Bell Buzz - Todd Harrison - 3:42 PM
- The more things change....
- We're seeing alotta February call buyers in Corning (GLW) ahead of earnings.
- Does anyone else miss volatility? I used to trade for dollars, now we trade for dimes. Dollars, these days, seem to be earmarked for investors.
- My "better" fundie guys think Cisco posts a slightly better quarter, in-line guidance and decent commentary. Heck, when's the last time you heard Chambo glum?
- The Minyans have spoken and there will be a T-3 lag time on any 24 commentary. Mea Culpa on sharing the news of Bill Buchanan's demise (yes, I'm kidding)
- Snaps to Professor Bennet for allowing his mistakes to serve as broader Minyan lessons.
- Fare ye well into the bell and I'll see you on the other side of Chambo.
Anarchy in the UK - Adam Warner - 2:16 PM
Well, it's the Johnny Rotten Show tonight as Cisco (CSCO) reports. "The most important day for tech..." until the next biggie reports.
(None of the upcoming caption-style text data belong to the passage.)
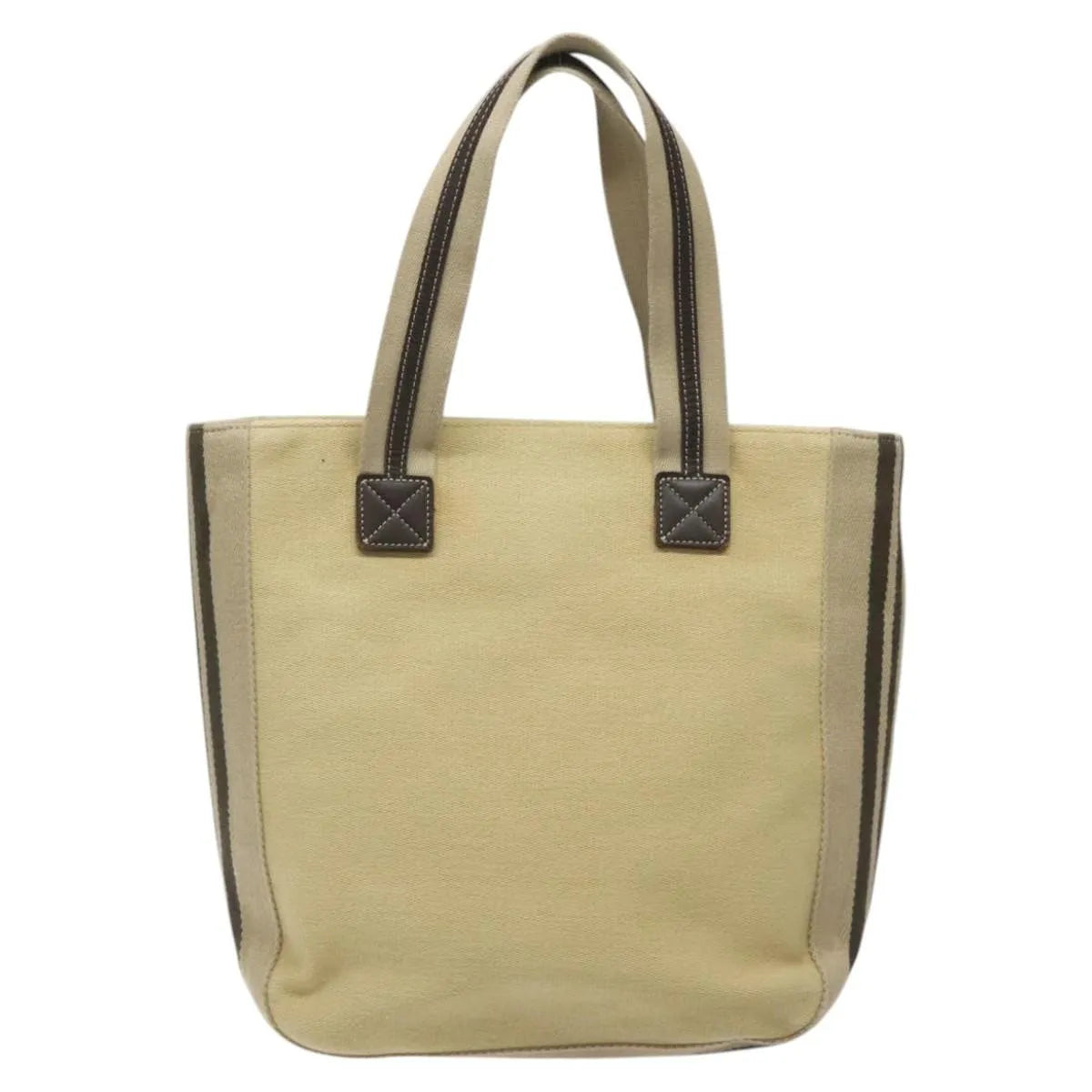 Burberry Blue Label Canvas Beige Canvas Tote Bag Bag (Pre-Owned)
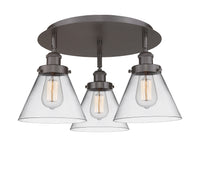 Ballston Semi-Flush Mount Satin Nickel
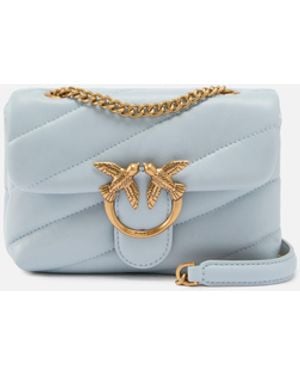 Pinko Baby Shoulder Bag Love Bag Puff Maxi Quilt - White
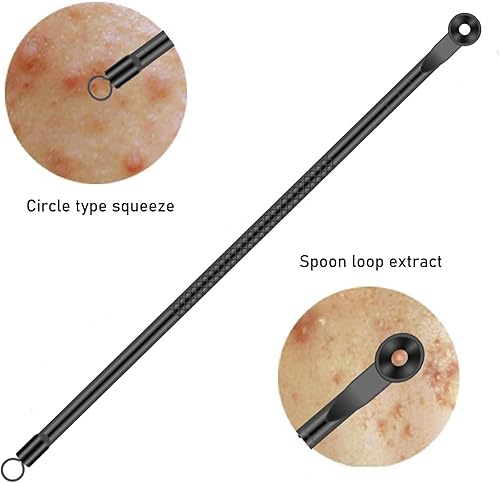Miniatura 3 de Kit de herramientas para eliminar espinillas, 4 piezas, herramienta extractor de espinillas para nariz y cara, juego de herramientas de eliminación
Prediction: Our illustrious Chairman will speak nothing but Sunshine in the conference call and the media round tomorrow.
How 'bout them options?
Only one line is really in play, the 27.5 strike. But there's a whole lotta shakin' going on today. The Feb calls have changed hands 53,000 times (vs. open interest of 99,646) and the puts 37,000 times (vs. 83, 599).
Volatility in the Feb and March calls suggests the over/under is about a $1.50 move tonight, pretty much what CSCO always does.
As noted last week, Cisco is actually a modertately more volatile stock and option than Google (GOOG), believe it or not.
Position in GOOG
Under the Hood - Kevin Depew - 11:38 AM
- New point and figure sell signals leading new buy signals by a slim 4 to 3 margin in the early going.
- Overall, however, it's mare of the same: point and figure buy signals leading handily, 15 to 6.
- Bottom line: demand is in control.
- But what about short and intermediate indicators? Are we seeing any weakness or divergences?
- We've discusses the High-Low Index indicators here before - an intermediate-term indicator that gives the best buy signals when reversing up and crossing above 30 and reversing down and crossing below 70.
- The High-Low indicators for the S&P 500, NYSE and Nasdaq all remain well above 70.
- For a while it appeared the Nasdaq High-Low would be the first to cross below 70, but it stopped just short of doing so; one of the reasons we don't want to anticipate the anticipators, as it were.
Energy Pickin' - Ryan Krueger - 8:50 AM
The temperatures drop in the Northeast and, voila, we have a natural gas rally. It's warming up down here in Houston and two equipment companies are merging – Hanover Compressor (HC) and Universal Compression (UCO).
I have owned each in the past, and UCO since the IPO at a time (Spring of 2000) when there couldn't have been a bigger yawn from my partners about buying a natural gas compression company. I think a few wanted to compress me.
Toddo made a great call at the APEX event down in Houston, and in the 'Ville with some wise words about length in energy while others were selling. Prof. Sedacca's timing was also considerably better than my own about establishing trading long. I was already over-weighted but cautioned each about a bounce being elusive 3-4 weeks ago. Looks like they nailed it.
I can share, anecdotally that I recently met with a large private natural gas exploration and production company with tremendous properties in Pennsylvania and Colorado. They are seeing a real drop-off in production from the same wells that had been more productive and more promising until very recently. Their concern speaks to one of the many reasons the equipment stocks – to improve production - look so good for, I believe, so long.
I mentioned at APEX while Todd sat next to me dreaming of wearing a cowboy hat, chewing tobacco and letting cattle roam the pasture nearby his gas wells (and none of those pesky state taxes bro!), that I thought the next private equity buyouts to surprise in size would be in the ole energy patch. If they don't, it's likely because the futures markets make them too expensive.